A few lines below, you should see
line_buffer.ShiftInPixel(input_pixel);. Each call of the
ShiftInPixel() function pushes in a new pixel into the line buffer and
updates the line buffer’s internal previous-row arrays as well as the receptive field
window. In the subsequent nested loop, you will see the 3x3 receptive field is accessed by
reading the window array, i.e., line_buffer.window[m + 1][n +
1].
A common feature of streaming hardware is called a
FIFO (first-in-first-out) queue. We use FIFO queues to interconnect the various streaming
components, as shown in the following figure. Here, we see a system with four streaming
hardware modules, often called kernels (not to be confused with the convolutional
kernels used in the Sobel filter!). The hardware kernels are connected with FIFO queues in
between them.
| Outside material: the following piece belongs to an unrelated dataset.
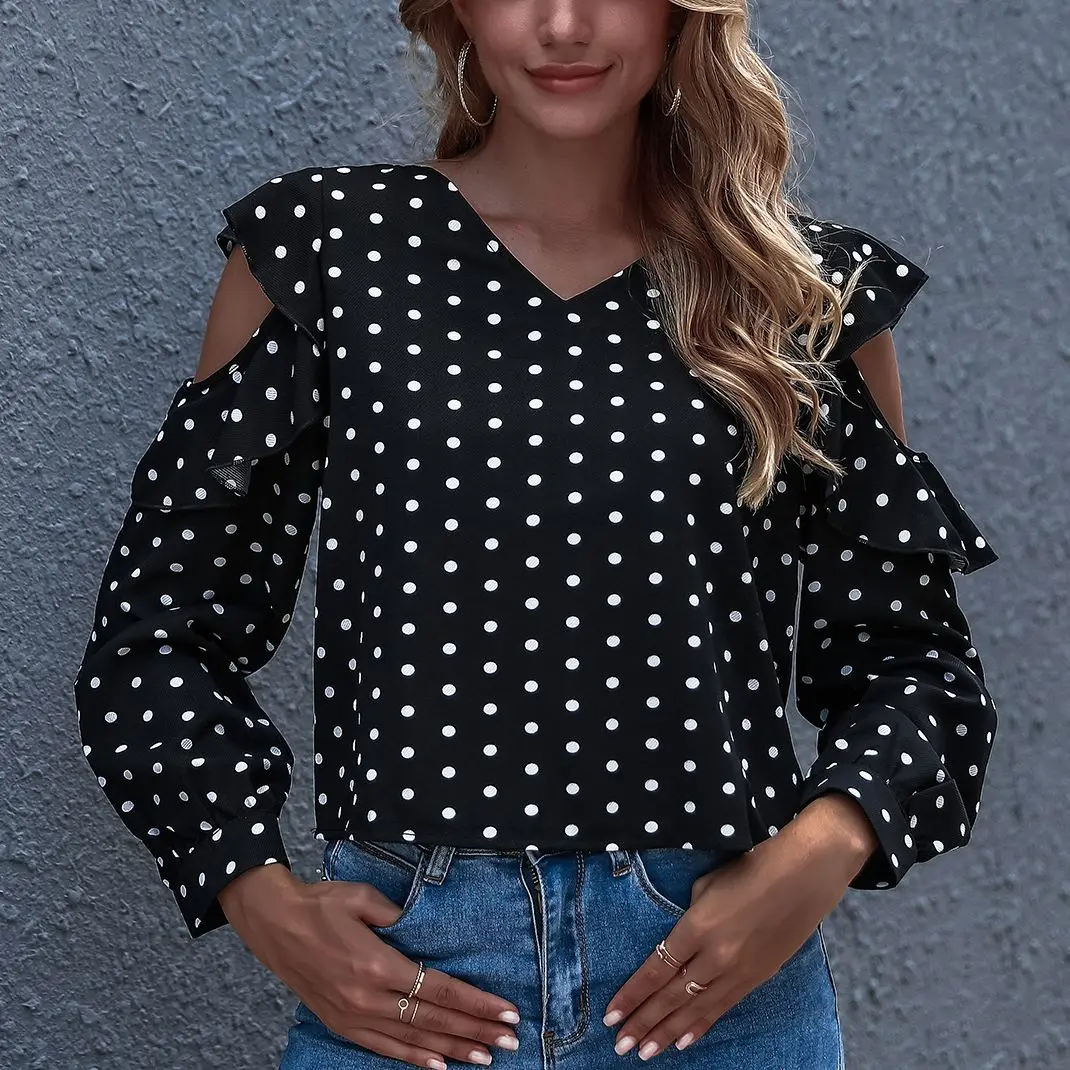 

Top tees T-shirt Female 2021 V Neck T Shirts Slim Tops Long Sleeve Shirt Womens T Shirt Tops Plus Size Mesh Shirt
A kernel consumes data from its input FIFO queue(s) and pushes computed data
into its output queue(s). If its input queue is empty, the kernel stalls (stops
executing). Likewise, if the output queues are full, the unit stalls. In the example in
the following figure, kernel 4 has two queues on its input, and consequently, kernel 4
commences once a data item is available in both of the queues.
Figure 3-21. Streaming hardware circuit with FIFO
queues between components
The SmartHLS tool provides an easy-to-use FIFO data structure to
interconnect streaming kernels, which is automatically converted into a hardware FIFO during
circuit synthesis. Below is a snippet from the sobel_filter function in the
sobel.cpp file. Observe that the input and output FIFOs are passed by
reference to the function. A pixel value is read from the input FIFO via the read()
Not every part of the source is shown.